Four-dimensional univariate images can be derived by simply stacking sections color coded for absorbance at a particular wavenumber (chemimages) vertically in a block. The 4 dimensions come from have 3 spatial domains, with the fourth being the spectral domain. These blocks can then be cut vertically or horizontally to interrogate the tissue architecture. Moreover, one can digitally remove areas of nondiagnostic tissue, such as connective tissue, and focus on inflammation and diseased cells. These crude 3-dimensional images can be useful for determining the extent of pathologic structure, but further manipulation is required to provide multivariate based images with diagnostic information. Using 4 adjacent sections from a sample of an adenocarcinoma-diagnosed sample, we demonstrated the potential of 4-dimensional imaging.⁷⁵

Neural Network Image Processing

Neural networks or artificial intelligent systems model for nonlinear responses in the data set and can be trained to learn various classes of spectra. Once trained, these neural networks have the advantage of speed compared to the more traditional multivariate methods such as UHCA. Most neural networks make use of a back propagation algorithm and utilize multiple layers of weight-sum units of the type $f = g (w^{'} x + b)$ , where g is a sigmoid function, w’x is a weighted variable, and b is a coefficient. If an input value (or values) exceeds the threshold value dictated by the sigmoidal function, then the variable is classified, and this result is fed back through the network. It is important to not use too many variables (wavenumber values), as this can result in overtraining of the neural network. To ensure that the neural network is robust, it should be trained, validated, and tested on independent data sets. Nonlinear-based approaches, including neural network analysis, enabled spectra to be trained against a particular cell or tissue type, reducing the computational demand and expediting the diagnosis.⁵⁹ In our case, we train the neural network on spectra based on different cell types, including superficial cells, basal cells, CIN I, CIN II, CIN III, red blood cells, connective tissue, and lymphocytes, to name a few. We tend to use no more than 10 absorbance values at different wavenumber values to avoid overtraining the network. The false-color maps generated from pattern-based recognition techniques could be directly compared with histology and specific tissue layers and cell types identified.
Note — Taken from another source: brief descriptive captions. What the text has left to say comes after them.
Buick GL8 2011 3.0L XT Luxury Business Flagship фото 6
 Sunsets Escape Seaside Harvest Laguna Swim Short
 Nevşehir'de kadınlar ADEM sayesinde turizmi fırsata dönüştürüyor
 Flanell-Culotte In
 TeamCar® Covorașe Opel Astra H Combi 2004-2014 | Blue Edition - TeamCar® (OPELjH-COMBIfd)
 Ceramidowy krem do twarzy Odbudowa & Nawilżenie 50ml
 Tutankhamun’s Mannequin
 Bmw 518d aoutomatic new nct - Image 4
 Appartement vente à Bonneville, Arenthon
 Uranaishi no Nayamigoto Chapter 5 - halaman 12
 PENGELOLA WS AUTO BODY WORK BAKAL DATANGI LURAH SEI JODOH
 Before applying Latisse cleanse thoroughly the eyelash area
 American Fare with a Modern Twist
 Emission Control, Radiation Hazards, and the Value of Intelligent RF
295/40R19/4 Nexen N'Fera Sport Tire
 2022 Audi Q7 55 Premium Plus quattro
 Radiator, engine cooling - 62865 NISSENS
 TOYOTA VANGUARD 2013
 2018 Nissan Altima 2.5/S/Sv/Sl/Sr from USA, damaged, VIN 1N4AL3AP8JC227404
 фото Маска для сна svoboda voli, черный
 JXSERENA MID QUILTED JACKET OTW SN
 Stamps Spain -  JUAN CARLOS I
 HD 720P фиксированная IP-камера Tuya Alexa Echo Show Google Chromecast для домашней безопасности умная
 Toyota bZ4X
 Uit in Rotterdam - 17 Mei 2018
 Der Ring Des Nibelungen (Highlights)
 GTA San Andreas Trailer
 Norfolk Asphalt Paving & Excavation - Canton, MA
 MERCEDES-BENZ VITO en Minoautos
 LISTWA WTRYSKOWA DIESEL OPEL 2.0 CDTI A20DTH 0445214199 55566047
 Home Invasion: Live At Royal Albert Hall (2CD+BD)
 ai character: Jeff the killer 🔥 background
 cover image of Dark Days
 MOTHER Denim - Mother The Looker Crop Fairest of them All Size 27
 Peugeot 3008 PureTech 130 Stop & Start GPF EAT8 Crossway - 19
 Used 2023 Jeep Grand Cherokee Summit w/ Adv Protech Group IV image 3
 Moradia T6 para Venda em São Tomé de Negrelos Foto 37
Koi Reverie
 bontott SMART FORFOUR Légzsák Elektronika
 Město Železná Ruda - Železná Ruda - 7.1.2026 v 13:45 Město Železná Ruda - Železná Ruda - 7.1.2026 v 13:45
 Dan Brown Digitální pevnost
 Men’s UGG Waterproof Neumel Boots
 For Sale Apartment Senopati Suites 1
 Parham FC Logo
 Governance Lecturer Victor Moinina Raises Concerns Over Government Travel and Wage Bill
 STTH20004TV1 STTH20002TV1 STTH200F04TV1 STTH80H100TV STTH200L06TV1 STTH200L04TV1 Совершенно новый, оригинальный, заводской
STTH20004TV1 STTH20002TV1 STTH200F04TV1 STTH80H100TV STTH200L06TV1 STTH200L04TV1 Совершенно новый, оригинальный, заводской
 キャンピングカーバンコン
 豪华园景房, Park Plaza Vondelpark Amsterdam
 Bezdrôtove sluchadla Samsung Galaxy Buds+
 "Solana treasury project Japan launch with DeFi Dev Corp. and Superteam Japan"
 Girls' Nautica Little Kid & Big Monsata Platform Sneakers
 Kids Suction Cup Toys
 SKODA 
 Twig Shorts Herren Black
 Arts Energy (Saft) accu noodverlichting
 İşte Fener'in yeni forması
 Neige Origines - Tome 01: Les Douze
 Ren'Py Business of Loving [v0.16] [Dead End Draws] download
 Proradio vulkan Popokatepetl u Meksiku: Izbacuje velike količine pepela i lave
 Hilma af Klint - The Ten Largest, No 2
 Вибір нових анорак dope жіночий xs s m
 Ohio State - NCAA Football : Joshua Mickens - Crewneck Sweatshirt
FTIR Spectroscopy Applied to Cervical Tissues

The emergence of FTIR spectroscopy to the analysis of tissue sections and single cells really began in the early 1990s with a seminal paper by Wong et al⁷⁴ on the application of FTIR spectroscopy to diagnose cervical cancer form exfoliated cells collected by a cytobrush and Ayre spatula. The spectra showed clear differences in the phosphodiester and glycogen region (1300–950 cm^-1) among normal, dysplastic, and carcinoma in situ–graded cells. A number of studies have since investigated the potential of FTIR spectroscopy to diagnose cervical cancer from exfoliated cells collected from the transformation zone of the cervix.^{16, 18, 19, 33, 41, 42, 48, 50, 51, 68, 69, 80} An early study by Morris et al⁴⁸ performed on 25 cervicovaginal lavage specimens from women referred for colposcopy showed that in the case of CIN III samples, an additional peak at 972 cm^-1 was observed. The authors suggested that this band could be a key indicator for malignancy. However, this band does appear in any cell type that has a high concentration of nucleic acids, and this feature alone cannot be diagnostic for CIN III. Wood et al⁷⁶ combined FTIR spectroscopy with principal component analysis to differentiate normal from dysplastic cervical cells.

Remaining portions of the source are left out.